Australia Post has a traditional or heritage computing infrastructure, but is also an innovative organisation. By using several different public and private service providers, it created a hybrid infrastructure, which it moved to NEXTDC’s Melbourne facility.
“Depending on the organisation,” Mr. Scroggie says, “there are many and varied different considerations that they make relating to security, data sovereignty and pay-per-use.”
Many organisations will embrace public cloud platforms, as they are quick and cost effective to set up, and offer the added benefit of the customer paying only for what they use, but others are more wary of the model.
“Some organisations might be concerned that if they’re using a public computing service, that the data is not hosted in Australia, [so] they have to choose a provider that has the infrastructure and information that is based in Australia.”
Data sovereignty is currently a hot button issue in the industry. In 2013 NEXTDC sponsored a University of New South Wales whitepaper addressing the issue. When thinking about the use of public and private clouds, concerns about where the information lives are on the top of a company’s agenda.
“A primary decision criteria for any investment in a public or a private cloud is going to be: is the infrastructure hosted in Australia, and does the content stay in Australia?”
If information goes into another geography, it can cause significant problems. For example, if private health information has the potential to end up in a different country, there is an obligation for providers to make sure it stays in Australia.
“Depending on the type of information, we have different regulatory obligations for protecting information… every industry has a different set of regulatory requirements, but then there’s the governance requirements, and that is that an organisation might just say: we are not comfortable with our information sitting in a country where another government’s regulations govern how that information can be accessed.”
Any time information is stored outside the country, that country’s government will be able to decide and enforce the laws regarding how it is used and distributed, and dictate the rights a company has to access that information.
“Data sovereignty is a very, very hotly debated topic for organisations when they’re thinking about leveraging public and private cloud computing providers.”
Australia has a number of requirements in relation to data and what should be stored in the country. It is therefore down to the organisations to ensure they are complying with the government’s laws to help the system run smoothly.
“Certainly if you’re Microsoft or Amazon and others that have made big investments in Australia, there is no question that those organisations want to sell to federal and state and local government departments, and in order for them to get access to those government dollars they need to have infrastructure in Australia.”
So even the big multinational companies will have some kind of sovereignty in the country of origin, meaning user information will not travel halfway across the world to be regulated by another government.
“If you’re using Microsoft’s services, it is hosted locally in Australia, so the data is resolved here in a geo-cluster and it’s split between Melbourne and Sydney.

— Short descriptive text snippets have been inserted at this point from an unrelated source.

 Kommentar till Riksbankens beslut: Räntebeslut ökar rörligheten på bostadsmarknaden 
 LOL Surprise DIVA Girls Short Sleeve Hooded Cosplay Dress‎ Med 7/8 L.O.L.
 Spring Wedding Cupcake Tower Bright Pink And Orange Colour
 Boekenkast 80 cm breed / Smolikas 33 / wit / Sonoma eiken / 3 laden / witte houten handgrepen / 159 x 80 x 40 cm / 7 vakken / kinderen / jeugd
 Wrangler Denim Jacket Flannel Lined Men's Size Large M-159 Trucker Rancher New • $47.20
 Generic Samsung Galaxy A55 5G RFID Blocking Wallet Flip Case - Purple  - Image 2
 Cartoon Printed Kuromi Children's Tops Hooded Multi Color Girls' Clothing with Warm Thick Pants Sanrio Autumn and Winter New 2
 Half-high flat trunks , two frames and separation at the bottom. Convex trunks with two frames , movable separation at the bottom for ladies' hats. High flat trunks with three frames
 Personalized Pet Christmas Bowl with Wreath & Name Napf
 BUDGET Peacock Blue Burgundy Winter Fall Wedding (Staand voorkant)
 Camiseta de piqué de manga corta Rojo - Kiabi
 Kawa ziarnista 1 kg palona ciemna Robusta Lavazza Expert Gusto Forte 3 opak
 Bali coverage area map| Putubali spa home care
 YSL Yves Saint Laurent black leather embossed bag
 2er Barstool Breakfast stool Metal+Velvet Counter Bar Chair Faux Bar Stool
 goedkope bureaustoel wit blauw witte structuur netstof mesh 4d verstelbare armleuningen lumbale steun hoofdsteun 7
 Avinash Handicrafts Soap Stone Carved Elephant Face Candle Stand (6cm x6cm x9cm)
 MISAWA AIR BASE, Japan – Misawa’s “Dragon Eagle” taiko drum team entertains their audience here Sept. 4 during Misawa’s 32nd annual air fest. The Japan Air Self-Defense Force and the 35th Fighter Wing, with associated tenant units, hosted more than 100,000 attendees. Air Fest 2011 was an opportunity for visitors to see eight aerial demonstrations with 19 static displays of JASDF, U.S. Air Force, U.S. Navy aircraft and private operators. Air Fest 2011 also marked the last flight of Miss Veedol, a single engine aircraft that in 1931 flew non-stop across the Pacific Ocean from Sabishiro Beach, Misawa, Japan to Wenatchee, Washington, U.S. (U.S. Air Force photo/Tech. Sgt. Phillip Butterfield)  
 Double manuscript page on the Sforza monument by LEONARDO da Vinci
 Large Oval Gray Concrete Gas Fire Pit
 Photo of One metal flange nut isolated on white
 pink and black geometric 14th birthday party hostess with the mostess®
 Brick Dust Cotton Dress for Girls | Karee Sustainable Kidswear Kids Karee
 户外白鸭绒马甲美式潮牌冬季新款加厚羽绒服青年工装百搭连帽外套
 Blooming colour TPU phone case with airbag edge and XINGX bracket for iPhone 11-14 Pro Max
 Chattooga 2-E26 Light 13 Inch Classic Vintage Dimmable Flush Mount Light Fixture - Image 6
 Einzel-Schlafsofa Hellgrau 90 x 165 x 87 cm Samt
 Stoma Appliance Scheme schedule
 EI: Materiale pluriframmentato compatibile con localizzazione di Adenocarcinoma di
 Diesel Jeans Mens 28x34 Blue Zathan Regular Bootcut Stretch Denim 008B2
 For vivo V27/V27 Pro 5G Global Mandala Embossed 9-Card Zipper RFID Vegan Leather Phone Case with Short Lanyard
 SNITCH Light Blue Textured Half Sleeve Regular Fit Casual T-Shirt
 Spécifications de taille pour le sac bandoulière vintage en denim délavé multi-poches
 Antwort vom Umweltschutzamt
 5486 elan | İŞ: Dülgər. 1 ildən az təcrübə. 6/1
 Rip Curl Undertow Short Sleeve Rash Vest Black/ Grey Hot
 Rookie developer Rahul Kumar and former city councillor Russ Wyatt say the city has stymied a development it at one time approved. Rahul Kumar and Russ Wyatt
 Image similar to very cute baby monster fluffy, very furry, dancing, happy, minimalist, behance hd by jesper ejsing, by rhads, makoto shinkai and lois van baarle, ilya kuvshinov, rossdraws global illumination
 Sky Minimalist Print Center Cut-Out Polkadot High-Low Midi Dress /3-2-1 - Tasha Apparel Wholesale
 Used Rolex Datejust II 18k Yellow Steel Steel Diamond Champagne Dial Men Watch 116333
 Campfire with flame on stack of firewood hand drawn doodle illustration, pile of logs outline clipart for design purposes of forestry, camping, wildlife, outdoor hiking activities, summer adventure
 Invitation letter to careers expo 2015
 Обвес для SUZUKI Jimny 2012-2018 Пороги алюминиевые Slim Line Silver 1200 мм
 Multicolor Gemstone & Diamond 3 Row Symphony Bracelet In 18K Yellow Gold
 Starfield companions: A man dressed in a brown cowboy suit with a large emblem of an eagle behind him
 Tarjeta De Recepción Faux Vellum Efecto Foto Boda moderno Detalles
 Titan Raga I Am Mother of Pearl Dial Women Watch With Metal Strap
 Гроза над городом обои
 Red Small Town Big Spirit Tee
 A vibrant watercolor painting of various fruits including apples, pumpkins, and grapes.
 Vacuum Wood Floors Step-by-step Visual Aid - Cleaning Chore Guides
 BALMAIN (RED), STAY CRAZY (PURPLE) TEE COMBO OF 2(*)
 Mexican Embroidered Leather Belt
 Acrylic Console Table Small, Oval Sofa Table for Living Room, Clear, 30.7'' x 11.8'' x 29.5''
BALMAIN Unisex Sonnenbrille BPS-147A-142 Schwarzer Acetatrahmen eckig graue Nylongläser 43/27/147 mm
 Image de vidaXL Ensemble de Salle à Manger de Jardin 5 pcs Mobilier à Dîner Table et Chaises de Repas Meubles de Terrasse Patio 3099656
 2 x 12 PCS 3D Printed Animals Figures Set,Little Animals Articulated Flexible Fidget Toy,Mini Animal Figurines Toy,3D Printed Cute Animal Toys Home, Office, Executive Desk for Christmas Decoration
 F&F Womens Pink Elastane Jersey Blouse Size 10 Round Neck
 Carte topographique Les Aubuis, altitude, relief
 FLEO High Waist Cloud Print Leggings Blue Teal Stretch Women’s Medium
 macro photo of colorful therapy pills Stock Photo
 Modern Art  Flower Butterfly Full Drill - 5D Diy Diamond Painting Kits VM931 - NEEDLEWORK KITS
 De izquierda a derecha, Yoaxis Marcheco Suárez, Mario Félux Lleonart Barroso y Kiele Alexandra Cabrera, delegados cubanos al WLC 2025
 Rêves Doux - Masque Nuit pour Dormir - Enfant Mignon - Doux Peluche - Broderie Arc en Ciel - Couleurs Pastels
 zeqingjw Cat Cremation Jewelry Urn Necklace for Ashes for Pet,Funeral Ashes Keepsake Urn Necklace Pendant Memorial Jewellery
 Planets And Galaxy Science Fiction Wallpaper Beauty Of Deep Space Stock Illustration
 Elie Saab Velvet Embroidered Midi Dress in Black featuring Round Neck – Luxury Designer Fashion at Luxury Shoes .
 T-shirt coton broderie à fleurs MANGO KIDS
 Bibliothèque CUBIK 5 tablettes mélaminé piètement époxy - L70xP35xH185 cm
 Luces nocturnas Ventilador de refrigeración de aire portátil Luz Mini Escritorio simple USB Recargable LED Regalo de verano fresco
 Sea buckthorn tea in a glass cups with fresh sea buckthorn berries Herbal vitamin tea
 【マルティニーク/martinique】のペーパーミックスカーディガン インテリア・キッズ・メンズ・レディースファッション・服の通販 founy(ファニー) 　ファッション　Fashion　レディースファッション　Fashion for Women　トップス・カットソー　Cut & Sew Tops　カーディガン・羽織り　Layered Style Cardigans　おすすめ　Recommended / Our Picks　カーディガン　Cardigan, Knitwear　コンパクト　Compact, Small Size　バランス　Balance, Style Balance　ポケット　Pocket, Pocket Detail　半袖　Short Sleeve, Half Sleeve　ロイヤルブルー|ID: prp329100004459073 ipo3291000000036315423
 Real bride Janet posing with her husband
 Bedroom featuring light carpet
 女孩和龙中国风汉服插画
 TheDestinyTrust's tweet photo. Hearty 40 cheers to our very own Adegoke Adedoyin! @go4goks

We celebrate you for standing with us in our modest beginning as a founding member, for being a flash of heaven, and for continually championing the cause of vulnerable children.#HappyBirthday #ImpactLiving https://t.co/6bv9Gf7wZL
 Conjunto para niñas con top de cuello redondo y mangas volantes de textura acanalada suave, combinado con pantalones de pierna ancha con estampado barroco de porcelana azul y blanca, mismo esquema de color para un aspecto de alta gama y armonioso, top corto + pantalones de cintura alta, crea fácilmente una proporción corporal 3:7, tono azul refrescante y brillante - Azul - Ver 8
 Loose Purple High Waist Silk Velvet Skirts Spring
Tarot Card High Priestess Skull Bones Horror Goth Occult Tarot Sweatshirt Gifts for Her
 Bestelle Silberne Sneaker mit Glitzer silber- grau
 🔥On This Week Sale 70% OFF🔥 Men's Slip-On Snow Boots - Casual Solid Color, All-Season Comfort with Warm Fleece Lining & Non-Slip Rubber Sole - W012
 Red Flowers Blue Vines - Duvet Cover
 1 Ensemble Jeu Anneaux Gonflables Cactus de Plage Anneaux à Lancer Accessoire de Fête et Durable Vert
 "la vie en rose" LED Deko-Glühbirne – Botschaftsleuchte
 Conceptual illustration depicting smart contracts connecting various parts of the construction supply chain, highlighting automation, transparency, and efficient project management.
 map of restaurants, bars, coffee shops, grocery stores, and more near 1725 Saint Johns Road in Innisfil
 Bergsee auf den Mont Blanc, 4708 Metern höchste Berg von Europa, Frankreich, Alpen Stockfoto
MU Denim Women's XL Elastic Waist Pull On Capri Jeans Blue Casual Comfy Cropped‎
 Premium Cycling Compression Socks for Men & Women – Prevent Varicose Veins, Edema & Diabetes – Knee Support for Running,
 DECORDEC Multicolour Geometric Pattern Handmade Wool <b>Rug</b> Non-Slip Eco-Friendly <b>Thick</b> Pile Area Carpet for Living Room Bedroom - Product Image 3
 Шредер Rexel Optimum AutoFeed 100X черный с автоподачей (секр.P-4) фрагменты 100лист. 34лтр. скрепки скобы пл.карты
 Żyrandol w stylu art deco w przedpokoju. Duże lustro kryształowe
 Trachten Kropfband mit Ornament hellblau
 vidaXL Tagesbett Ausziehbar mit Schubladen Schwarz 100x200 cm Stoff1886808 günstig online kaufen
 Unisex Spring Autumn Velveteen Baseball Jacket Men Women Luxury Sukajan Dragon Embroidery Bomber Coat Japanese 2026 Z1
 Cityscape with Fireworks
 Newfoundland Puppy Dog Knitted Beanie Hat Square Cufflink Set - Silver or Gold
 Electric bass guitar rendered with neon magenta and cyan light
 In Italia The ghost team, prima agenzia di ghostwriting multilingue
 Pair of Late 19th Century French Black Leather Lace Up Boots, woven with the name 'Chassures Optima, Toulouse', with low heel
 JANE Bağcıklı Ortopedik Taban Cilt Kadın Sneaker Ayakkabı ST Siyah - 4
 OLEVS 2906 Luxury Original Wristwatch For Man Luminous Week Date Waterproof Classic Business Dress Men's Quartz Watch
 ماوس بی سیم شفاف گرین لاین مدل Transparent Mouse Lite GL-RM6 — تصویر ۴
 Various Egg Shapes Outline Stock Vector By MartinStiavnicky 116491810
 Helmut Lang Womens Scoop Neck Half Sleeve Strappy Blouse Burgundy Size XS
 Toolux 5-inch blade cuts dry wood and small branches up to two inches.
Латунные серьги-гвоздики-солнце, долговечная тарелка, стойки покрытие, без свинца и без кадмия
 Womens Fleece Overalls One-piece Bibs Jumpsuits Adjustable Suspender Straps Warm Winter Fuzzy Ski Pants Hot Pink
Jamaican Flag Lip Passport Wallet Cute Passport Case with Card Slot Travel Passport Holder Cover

Microsoft publicly made that announcement and you can get information about those services and the types of information that are stored locally.”
In contrast, a company like Apple has its services hosted offshore, and so any details entered by the user may be subject to another country’s laws. “Depending on the user and depending on the application,” Mr. Scroggie adds, “whether you’re a consumer or an enterprise, those things matter to varying degrees.”